Musuh terbesar media massa saat ini bukan sesama media massa, melainkan media sosial. Di era saat inilah kerja jurnalistik menuntut “kebaruan”, juga perlu membawa serta gelombang disrupsi; gaya konservatif jurnalistik tempo dulu perlu diramu dan dipadu dengan gaya baru.

Meski begitu, patokan utama tetap: cek dan ricek serta validasi data.

Semakin mudahnya orang bisa “menciptakan” berita dengan berbagai platform (YouTube, Twitter, Facebook, Blog, Instagram, dan WhatsApp), tanpa memiliki dasar-dasar jurnalistik, menyebabkan bah informasi. Siapa yang tak tahu Atta Halilintar, YouTuber dengan follower terbanyak di Asia Tenggara. Apa yang dibuatnya menjadi “informasi menarik” bagi publik.

Banjir informasi itu sayangnya cenderung sensasional dan jatuh pada “kesengajaan menciptakan imej” serta bagi sebagian orang atau komunitas atau kelompok tertentu untuk “menciptakan kebohongan” karena alasan politik atau bisnis semata. Orang-orang atau komunitas tertentu yang sepaham dan setuju dengan “kabar ciptaan” itu akan memiliki semangat militan yang menggebu-gebu. Di media sosial, mereka inilah yang kemudian dikenal dengan buzzer atau pasukan siber.

“Kabar ciptaan” tak beda jauh dengan propaganda. Fungsinya adalah membentuk paradigma, merusak pola pikir, mempengaruhi cara berpikir, dan ujung-ujungnya adalah memecah belah. Hasutan demi hasutan yang sebetulnya keliru, tercipta sebagai kebenaran bagi kelompok atau komunitas tersebut. Alhasil, laporan jurnalistik atau investigasi yang berbeda dengan keyakinan mereka langsung dicap sebagai “berita pesanan”.
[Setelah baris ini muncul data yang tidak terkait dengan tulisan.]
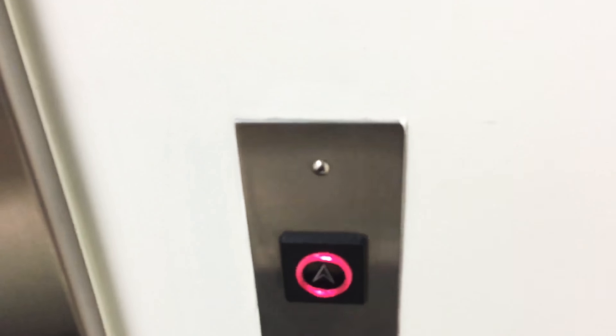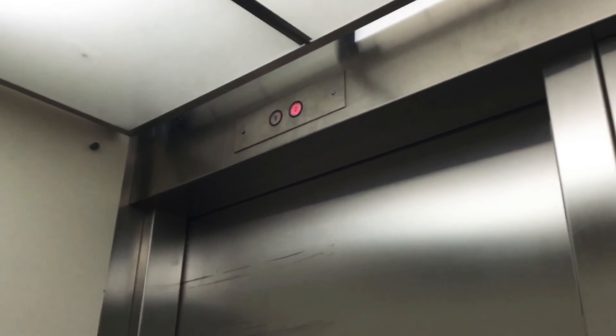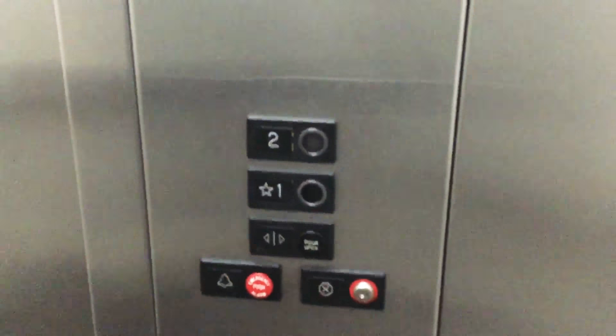Here we are at Payless Territory Center. See, I told you that there's a second floor. This is in Payless Territory Center.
Bahkan, terkadang ada sebagian orang atau perusahaan atau pejabat pemerintah yang gampang sekali membantah sebuah laporan jurnalistik dengan cukup dua kata: itu hoaks!

Hoaks pun berubah menjadi tameng baru untuk menurunkan wibawa laporan jurnalis. Padahal, pemerintah pun bisa membuat “hoaks”. Kejadian stempel hoaks pada twit pengacara Veronica Koman soal isu Papua yang dilakuan oleh Kementerian Kominfo adalah satu contoh hoaks pemerintah. Alhasil, Kominfo minta maaf.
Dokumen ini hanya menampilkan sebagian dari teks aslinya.